After a series of GOP failures to pass any health care legislation this week, President Donald Trump tweeted on Saturday that the plan to repeal and replace Obamacare was not dead — "unless the Republican Senators are total quitters."

Earlier in the day Trump used Twitter to declare that Republicans "look like fools" a day after they failed to pass a "skinny" health care plan, which he followed with threats to insurance companies and lawmakers.

"If a new HealthCare Bill is not approved quickly, BAILOUTS for insurance Companies and BAILOUTS for Members of Congress will end very soon,” he said in a Saturday morning tweetstorm.

The Trump administration already cancelled $5 million in ads that advertised the upcoming enrollment season, and the president is now threatening to withhold federal payments that help reduce insurance premiums — particularly for low-income people — and keep companies in the market.

Senate Minority Leader Chuck Schumer claimed that Trump was putting his thumb on the scale and toying with the lives of millions.

"If the President refuses to make the cost sharing reduction payments, every expert agrees that premiums will go up and health care will be more expensive for millions of Americans," Schumer said in a statement. "The president ought to stop playing politics with people's lives and health care, start leading and finally begin acting Presidential.”

Related: What's Going to Happen to Obamacare?

Trump also used Twitter on Saturday to blast the Senate rules that require 60 votes to overcome a legislative filibuster after Senate Republicans failed to pass a “skinny” version of its health care plan.

Senate rules state that three-fifths of the Senate must agree to end the debate over a piece of legislation and move to a vote, which is known as invoking cloture. A group of 61 senators from both parties sent a letter to Senate leaders in April that stated their opposition to eliminating the legislative filibuster.

Republicans had avoided a filibuster in the first place by attempting to pass health care through budget reconciliation, which limits their actions to only impacting costs or taxes. Budget reconciliation only requires 51 votes and doesn’t provide an opportunity for a filibuster — but the tactic also greatly hampered the GOP’s ability to change the law.

The president declared on Saturday that the Senate must get rid of the rule because "It is killing the R Party, allows 8 Dems to control country."

He added in a later tweet that Senate Majority Leader Mitch McConnell must "go to 51 Votes NOW and WIN. IT’S TIME!"

McConnell has previously dismissed such demands from the president, who said in a May 2 tweet that the country needed to “either elect more Republican Senators in 2018 or change the rules now to 51%” or the country would need to undergo “a good ‘shutdown’ in September to fix mess!”

Trump said on Twitter Saturday that Democrats were "laughing at R's" and would dismantle the filibuster if they "ever got the chance."
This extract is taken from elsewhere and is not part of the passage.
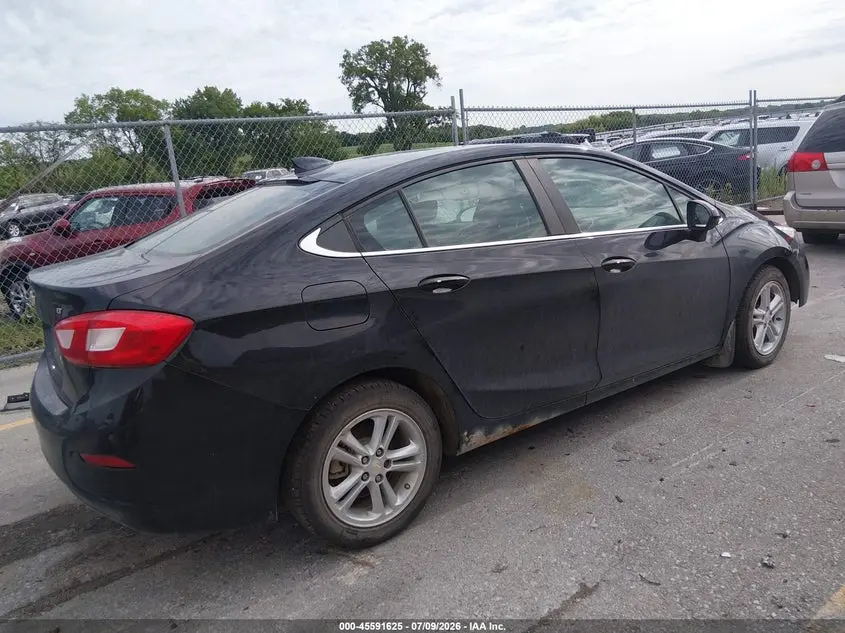 2016 CHEVROLET CRUZE LT AUTO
Later Saturday, Trump also took aim at China over what he said was that country’s inaction on North Korea. North Korea on Friday conducted its second test of an intercontinental ballistic missile. It has conducted five nuclear tests since 2006.

"I am very disappointed in China. Our foolish past leaders have allowed them to make hundreds of billions of dollars a year in trade, yet they do NOTHING for us with North Korea, just talk," Trump said in two tweets Saturday evening.

"We will no longer allow this to continue," Trump said in the tweets. "China could easily solve this problem!"

Trump's criticism of China came a day after U.S. Secretary of State Rex Tillerson in a statement called Russia and China "the principal economic enablers of North Korea's nuclear weapon and ballistic missile development program" after the ICBM test.

Tillerson said in Friday’s statement that Russia and China "bear unique and special responsibility for this growing threat to regional and global stability."